St Bernard's Road is a residential road in North Oxford, England, connecting the southern end of Kingston Road and the northern end of Walton Street, at the junction with Walton Well Road, to the west with Woodstock Road, opposite Bevington Road, to the east.

To the north is Plantation Road and to the south is Observatory Street. Leckford Place leads north halfway along. The road is one-way from west to east, with traffic calming constrictions.

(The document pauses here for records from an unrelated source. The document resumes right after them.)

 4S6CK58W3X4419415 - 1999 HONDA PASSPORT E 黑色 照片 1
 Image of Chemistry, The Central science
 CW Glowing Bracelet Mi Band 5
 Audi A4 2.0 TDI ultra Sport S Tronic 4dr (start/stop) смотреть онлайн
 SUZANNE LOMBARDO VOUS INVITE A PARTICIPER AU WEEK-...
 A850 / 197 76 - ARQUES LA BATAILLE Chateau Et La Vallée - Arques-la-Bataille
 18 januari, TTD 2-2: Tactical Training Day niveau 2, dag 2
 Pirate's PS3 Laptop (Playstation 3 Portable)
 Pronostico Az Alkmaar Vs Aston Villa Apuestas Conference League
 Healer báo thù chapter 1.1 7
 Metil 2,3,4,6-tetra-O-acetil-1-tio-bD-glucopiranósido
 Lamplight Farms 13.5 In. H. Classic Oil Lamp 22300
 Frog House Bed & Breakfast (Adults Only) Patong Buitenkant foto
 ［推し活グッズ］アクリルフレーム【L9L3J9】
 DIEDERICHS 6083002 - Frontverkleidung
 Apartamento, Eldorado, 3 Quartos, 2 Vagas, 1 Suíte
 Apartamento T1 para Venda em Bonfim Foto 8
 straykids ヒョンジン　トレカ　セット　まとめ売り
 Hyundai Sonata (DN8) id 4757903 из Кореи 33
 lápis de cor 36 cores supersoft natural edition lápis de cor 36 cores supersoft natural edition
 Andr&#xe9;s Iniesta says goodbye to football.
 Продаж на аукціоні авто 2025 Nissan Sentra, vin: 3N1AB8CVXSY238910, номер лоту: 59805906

The houses are mainly terraced with some semi-detached.

At the eastern end on the south side is a Grade II listed block of flats, Belsyre Court, built in 1936.

==History==
This location was part of the route taken by King Charles I with his cavaliers and 6,000 troops when he escaped at night from Oxford on 3 June 1644 during the Civil War. The road was previously known as Horse and Jockey Road (or Lane), after the Horse and Jockey Inn, formerly on the corner with Woodstock Road. It then became known as St John's Road, after St John's College, but there was some confusion with St John Street to the south, so at the request of residents it was given its current name in 1961. St Bernard's College, a former Cistercian institution that was closed in 1539 after the Dissolution of the Monasteries, was the name of the college from which St John's College developed.

Some houses were demolished to make way for the St John's College development of Arthur Garrard Close off St Bernard's Road, named after the bursar at the College from 1949–67.